Wednesday, 17 February 2010

Jemima Stehli

Jemima Stehli has taken up the position of the stripper in her photographs, whilst also locating questions of power in the artworld within a voyeuristic framework. In her series Strip (1999) she stands with her back to the camera, in front of a seated male, identified only by his job title, for example, ‘Critic’, ‘Writer’, ‘Curator’ or ‘Dealer’. A long cable release is visible in the male’s hand and in each photograph Stehli is in a different state of undress; caught in the act of stripping. The precise moment the photograph was taken during this private strip is controlled by the seated male, his power doubled through the status of his role in the artworld. And yet, he is the pawn within Stehli’s game. It is she that has created the scenario, it’s her concept, her brain, her skill and her body being displayed. She is active. The seated male is unable to not look, he must play the stooge. It is his level of satisfaction or discomfort that we see in the photograph. Is that us, the viewer looking at ourselves?

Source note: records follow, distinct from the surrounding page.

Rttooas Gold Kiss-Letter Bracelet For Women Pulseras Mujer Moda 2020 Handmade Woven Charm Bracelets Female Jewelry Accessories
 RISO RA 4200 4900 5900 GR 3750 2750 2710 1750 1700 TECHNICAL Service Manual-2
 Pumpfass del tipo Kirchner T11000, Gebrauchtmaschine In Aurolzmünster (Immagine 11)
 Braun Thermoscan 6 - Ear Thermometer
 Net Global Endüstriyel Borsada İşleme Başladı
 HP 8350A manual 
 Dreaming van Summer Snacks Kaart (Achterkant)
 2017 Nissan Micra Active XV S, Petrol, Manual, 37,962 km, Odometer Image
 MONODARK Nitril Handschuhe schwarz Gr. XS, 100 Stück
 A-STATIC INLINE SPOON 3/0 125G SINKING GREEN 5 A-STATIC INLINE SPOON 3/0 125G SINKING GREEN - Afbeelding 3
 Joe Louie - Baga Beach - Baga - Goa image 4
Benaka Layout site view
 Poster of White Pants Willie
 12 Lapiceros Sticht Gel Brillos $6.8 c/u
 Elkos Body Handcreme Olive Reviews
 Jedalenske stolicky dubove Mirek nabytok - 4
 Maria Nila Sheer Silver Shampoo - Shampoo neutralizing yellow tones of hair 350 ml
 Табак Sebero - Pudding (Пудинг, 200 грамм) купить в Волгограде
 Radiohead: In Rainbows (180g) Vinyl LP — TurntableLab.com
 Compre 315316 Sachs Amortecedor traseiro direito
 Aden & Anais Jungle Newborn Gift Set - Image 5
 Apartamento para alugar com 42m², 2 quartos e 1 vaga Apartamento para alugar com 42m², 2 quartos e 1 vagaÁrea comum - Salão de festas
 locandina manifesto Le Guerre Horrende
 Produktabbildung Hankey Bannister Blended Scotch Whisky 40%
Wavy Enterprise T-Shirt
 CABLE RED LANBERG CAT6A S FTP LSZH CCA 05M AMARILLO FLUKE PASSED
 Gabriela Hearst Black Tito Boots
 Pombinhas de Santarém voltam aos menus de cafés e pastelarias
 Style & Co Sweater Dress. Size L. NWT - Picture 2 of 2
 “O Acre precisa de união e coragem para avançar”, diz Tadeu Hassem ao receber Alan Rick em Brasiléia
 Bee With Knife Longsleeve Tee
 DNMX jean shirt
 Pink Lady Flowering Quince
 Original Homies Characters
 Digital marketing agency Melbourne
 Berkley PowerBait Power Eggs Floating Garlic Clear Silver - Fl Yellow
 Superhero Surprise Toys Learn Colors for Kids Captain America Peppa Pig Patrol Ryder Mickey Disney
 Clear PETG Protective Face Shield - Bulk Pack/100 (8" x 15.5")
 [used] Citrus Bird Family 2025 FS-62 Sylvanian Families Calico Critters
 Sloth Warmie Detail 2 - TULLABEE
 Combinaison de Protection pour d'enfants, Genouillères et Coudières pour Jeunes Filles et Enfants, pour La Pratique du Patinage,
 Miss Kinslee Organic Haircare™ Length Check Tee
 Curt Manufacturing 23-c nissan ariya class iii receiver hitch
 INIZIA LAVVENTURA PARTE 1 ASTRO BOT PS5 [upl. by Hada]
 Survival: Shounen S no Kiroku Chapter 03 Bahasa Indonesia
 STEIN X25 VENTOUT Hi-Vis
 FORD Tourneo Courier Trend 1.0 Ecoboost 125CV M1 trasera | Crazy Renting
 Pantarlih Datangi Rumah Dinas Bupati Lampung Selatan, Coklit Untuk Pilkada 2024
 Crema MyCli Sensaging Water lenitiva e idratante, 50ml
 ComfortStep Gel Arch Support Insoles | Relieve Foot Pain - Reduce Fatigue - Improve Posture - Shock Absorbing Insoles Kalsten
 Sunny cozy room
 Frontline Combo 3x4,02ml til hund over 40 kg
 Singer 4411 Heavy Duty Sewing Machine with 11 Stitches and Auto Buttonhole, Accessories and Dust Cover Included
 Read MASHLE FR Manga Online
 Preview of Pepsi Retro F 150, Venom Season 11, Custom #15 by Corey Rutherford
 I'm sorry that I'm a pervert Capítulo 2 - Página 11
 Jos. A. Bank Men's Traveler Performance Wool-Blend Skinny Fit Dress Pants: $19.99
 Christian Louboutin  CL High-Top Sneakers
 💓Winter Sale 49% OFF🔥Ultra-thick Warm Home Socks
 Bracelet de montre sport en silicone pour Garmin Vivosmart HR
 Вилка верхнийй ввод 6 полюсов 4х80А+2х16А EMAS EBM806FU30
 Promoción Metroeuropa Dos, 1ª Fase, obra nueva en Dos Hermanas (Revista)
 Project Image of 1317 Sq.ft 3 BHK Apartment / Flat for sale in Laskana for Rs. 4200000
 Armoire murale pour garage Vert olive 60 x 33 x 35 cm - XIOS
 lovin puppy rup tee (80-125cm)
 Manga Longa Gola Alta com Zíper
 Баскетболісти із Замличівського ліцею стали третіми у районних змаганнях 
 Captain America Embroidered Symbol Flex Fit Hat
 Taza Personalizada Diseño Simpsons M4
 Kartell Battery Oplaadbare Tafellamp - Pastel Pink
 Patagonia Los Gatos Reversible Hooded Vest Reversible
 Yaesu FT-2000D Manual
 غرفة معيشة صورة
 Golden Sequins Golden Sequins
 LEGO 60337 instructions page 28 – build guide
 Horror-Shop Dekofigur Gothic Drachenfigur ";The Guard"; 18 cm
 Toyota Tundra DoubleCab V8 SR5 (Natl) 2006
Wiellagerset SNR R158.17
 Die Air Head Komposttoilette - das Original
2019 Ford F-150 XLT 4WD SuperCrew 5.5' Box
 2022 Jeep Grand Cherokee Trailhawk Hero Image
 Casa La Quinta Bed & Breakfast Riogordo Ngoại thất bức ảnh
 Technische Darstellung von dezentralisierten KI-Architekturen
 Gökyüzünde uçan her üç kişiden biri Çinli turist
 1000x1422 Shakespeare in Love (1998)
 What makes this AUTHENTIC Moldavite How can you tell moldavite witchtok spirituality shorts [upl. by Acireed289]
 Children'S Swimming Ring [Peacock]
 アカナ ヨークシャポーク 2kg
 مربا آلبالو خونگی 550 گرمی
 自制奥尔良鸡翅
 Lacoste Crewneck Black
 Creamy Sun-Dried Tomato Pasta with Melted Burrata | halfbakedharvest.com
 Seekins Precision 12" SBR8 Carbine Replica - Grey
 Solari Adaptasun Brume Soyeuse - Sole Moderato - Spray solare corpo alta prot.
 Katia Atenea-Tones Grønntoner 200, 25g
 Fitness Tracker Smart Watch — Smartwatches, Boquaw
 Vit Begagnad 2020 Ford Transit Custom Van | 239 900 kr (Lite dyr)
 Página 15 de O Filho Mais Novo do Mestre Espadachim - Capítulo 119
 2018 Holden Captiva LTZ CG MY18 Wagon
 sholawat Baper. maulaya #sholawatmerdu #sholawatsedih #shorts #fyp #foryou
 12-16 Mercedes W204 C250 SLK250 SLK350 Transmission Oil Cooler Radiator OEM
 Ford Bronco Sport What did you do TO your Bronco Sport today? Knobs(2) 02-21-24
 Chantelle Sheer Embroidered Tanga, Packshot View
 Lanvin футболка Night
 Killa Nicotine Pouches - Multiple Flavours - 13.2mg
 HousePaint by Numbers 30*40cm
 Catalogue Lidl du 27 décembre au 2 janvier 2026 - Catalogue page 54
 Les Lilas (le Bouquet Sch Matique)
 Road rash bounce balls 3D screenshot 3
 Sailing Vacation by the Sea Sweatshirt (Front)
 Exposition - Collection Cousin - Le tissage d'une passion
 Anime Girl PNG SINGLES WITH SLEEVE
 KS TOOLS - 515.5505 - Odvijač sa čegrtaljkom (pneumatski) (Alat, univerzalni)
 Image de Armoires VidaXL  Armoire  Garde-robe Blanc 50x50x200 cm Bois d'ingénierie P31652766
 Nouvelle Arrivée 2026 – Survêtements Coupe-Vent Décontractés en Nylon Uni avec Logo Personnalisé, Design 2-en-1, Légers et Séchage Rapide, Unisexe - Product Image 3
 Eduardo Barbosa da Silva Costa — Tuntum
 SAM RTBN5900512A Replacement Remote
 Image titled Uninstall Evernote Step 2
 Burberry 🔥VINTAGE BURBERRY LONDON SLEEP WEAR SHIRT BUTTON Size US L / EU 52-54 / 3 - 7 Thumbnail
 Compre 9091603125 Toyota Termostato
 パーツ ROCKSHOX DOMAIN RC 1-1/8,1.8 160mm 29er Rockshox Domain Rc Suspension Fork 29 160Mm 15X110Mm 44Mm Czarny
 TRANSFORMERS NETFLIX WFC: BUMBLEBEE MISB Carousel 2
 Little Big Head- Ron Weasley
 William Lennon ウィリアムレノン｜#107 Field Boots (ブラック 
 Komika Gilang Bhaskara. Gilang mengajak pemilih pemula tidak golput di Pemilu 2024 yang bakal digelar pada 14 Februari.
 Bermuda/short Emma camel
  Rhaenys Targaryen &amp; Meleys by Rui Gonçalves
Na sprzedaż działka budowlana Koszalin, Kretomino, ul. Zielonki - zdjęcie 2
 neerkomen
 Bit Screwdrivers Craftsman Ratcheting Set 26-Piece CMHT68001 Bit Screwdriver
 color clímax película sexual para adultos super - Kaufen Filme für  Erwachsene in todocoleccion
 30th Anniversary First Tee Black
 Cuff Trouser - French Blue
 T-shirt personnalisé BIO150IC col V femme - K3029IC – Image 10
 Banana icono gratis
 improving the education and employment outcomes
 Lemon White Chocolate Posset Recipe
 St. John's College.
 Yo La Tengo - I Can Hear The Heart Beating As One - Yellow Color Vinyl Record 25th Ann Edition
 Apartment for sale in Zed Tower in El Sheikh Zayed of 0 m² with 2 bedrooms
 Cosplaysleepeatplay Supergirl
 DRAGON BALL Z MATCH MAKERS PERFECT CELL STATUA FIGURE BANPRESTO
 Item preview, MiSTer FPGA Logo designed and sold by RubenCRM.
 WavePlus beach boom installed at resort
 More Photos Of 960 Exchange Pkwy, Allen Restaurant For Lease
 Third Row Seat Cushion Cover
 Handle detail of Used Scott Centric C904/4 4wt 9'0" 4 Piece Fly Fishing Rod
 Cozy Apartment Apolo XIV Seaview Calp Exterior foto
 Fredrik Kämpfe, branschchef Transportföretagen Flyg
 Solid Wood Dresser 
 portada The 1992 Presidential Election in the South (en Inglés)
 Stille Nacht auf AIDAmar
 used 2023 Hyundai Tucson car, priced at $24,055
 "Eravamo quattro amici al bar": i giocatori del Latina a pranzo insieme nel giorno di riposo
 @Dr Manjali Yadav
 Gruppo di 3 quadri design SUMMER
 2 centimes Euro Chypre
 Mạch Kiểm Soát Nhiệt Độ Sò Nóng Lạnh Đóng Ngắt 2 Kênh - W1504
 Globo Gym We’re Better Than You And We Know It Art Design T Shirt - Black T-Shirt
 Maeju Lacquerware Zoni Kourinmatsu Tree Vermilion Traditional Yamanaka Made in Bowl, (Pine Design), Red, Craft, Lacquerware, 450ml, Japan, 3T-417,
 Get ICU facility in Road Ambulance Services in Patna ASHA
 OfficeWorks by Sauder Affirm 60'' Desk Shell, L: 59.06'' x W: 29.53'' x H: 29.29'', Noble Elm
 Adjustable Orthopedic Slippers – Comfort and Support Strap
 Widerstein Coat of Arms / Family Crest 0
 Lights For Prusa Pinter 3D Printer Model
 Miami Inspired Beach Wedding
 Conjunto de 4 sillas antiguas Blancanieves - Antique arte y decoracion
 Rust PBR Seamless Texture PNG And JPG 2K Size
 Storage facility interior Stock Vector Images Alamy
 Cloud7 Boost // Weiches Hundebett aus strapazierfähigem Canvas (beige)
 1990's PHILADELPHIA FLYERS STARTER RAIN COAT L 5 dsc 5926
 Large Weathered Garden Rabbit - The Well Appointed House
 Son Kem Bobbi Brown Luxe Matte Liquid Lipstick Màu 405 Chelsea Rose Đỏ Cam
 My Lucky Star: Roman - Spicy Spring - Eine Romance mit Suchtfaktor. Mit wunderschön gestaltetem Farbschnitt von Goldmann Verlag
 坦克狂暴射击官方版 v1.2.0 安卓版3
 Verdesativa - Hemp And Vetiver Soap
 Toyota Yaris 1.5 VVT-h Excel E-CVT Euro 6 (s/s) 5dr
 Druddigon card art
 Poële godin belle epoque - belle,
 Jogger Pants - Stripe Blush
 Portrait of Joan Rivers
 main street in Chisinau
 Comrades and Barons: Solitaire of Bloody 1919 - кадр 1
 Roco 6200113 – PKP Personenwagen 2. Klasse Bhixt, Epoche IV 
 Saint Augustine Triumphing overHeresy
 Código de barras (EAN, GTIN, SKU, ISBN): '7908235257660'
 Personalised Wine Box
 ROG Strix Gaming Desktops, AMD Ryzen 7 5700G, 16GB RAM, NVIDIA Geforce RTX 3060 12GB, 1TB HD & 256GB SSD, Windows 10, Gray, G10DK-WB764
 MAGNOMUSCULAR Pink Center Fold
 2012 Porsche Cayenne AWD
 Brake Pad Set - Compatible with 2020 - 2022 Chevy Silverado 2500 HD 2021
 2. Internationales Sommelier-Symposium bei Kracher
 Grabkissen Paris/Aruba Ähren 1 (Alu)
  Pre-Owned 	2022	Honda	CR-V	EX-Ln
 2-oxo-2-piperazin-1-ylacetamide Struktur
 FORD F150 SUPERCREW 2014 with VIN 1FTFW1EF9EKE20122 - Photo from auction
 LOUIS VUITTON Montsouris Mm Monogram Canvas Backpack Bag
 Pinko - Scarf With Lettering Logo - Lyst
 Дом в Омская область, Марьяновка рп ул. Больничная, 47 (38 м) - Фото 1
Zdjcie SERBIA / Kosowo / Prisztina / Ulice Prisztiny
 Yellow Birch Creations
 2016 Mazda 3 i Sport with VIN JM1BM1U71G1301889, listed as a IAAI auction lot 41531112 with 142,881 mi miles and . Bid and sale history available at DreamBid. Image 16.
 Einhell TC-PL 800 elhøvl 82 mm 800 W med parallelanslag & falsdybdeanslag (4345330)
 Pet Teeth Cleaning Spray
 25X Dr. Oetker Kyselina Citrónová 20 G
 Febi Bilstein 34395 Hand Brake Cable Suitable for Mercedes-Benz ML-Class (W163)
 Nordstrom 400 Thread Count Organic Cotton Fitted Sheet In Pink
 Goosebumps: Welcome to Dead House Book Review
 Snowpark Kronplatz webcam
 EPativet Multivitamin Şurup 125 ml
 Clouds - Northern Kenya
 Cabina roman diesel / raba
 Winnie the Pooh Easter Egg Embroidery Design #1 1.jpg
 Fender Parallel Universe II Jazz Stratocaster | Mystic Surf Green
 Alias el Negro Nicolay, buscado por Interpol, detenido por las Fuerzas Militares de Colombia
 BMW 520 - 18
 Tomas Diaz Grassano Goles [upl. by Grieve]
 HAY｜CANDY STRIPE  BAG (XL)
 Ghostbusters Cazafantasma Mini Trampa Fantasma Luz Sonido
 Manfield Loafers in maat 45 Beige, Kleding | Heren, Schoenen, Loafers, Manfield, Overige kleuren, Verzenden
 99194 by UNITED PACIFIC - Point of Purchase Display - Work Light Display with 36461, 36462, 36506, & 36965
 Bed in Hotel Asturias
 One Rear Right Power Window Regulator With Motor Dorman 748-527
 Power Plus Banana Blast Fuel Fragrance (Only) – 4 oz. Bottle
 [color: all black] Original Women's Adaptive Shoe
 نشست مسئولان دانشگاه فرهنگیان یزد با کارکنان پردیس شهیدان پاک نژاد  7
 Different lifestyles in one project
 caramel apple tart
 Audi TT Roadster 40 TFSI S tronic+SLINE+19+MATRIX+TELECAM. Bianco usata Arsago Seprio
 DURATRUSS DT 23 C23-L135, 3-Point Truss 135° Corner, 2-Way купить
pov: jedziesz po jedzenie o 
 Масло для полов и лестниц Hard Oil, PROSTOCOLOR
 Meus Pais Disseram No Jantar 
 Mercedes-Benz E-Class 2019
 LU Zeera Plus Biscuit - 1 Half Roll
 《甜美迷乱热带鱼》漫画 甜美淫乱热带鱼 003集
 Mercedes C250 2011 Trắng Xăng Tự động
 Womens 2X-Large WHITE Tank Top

Saturday, 13 February 2010

Me and Laura

Laura Mulvey’s essay ‘Visual Pleasure and Narrative Cinema’ became some kind of remedial text applied with frequency to my impasse at CalArts. This well written and convincing text served to make me feel guilty about what I wanted to do in practice. It also became a gateway to Kaplan, Doanne, de Lauritis and Modeleski. I needed to make work and I had to read a lot of material in a short space of time. The voices merged into one and I became alienated and overwhelmed by their high minded approach. However, I was attracted to their certainties, the tone of voice so authoritative and sure. The tone and their attachment of the spectacle and pleasure in film which they actively disavow becomes something ripe for parody. The question is whether or not this is something I want to explore in my work.

Thursday, 4 February 2010

Why I am not a dancer

Dancing has been my hobby for some 25 years. Over the last ten years I have considered my role in dance as a participant outside the normal trajectory. I am not professional-dancer material and so a career within it could not open up for me. Having performed on the Sheffield City Hall stage in the biannual dancing school shows, and then to collect my BA (Hons) degree, I perceived my interests converging in a rather interesting location.

With a chance encounter with some photographs, my art practice shifted to investigate some of the interesting problems I observed through my dancing. With my experience of wearing the most day-glo kitsch outfits as part of a line of dancers my perspective on spectacle is one of first hand experience as well as that of the well-informed spectator. I imagine myself performing as I watch dancers because I have performed.

When I went to CalArts to study, my regular dance classes ceased. For the first time in many years I did not have a regular dance practice. The pressures of the environment meant I lived in my brain, and I began to really investigate my stake in thoughts on the body, from an outsider position.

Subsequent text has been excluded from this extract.